Hanosse appears to have died in 1416 as the forge and large hammer on the River Sart-Eustache were taken over by the executors of Hanosse. In 1430 the Sart-Eustache forge was among those burnt and destroyed during the invasion by the Liegeois. After this event, the Count decided not to re-build the works but to lease only the water rights, the tenants having to build their own forges.
By 1455 a probable descendant of Hanosse, Michault Hanozet ('Little Hanosse') took over the water rights of Ermeton Forge I. The water rights of Ermeton Forge II were taken over by Michardin, son of Hanozet - possibly the same person. Four years later Michardin and Gillechon Hanozet jointly owned the water rights of Ermeton Forge II. Simon Hanozet, perhaps a relative of Michardin and Gillechon, was described in 1463 as receiving 2 cwt of iron as rent from Henri Boon and Jean du Marteau, ('Jean of the Hammer') but no forge was mentioned. Notice the beginning of the use of Hanozet as a family name.
In 1516 the water rights of Ermeton Forge I were leased to Colard of Ermeton and no subsequent leases mention the name Hanozet. Is it coincidence that the first ‘Hunnisett’ immigrants are known to have been in England by 1517?

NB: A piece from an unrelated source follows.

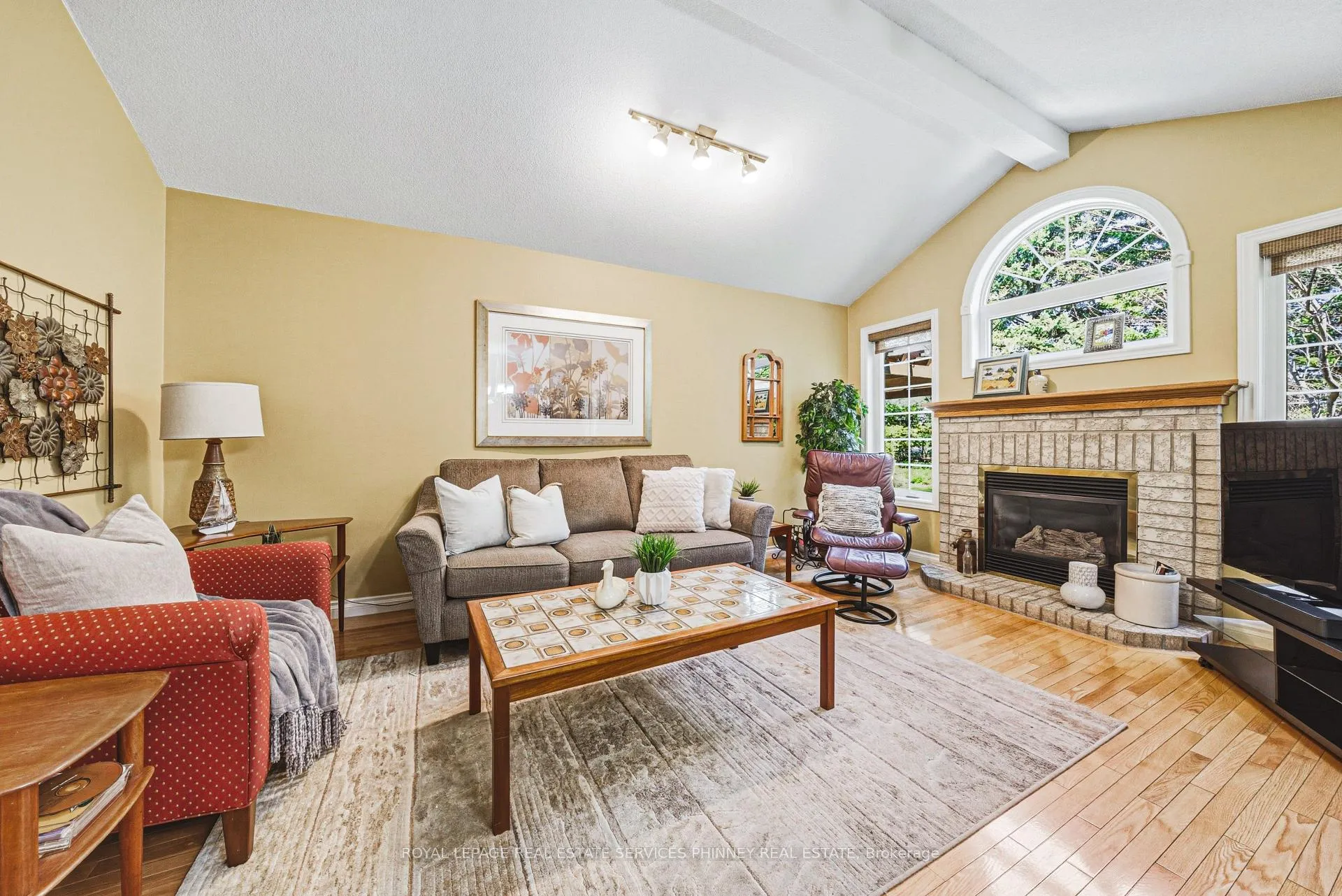 Photo 10 of 48 Tanager Drive, Guelph, Kortright Hills — HOMEH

During this latter period workers from the Liege/Namur area migrated South West to the Pay de Bray (an area stretching inland from Dieppe towards Beauvais) taking with them recently developed skills of using the blast furnace and finery forge. However at the beginning of the 16th century the French iron industry was in decline whereas that of the Sussex Weald was seeing a revival. The shortage of a skilled English labour force, still recovering from the devastating effects of the Black Death in 1349 and 1360/1, made it attractive for French workers to migrate across the channel. Migration peaked in the 1520’s when the situation in France was exacerbated by poor harvests and high food prices. Up to 600 workers and their families are thought to have migrated during the 16th century to work in iron smelting and associated forestry trades in the Weald.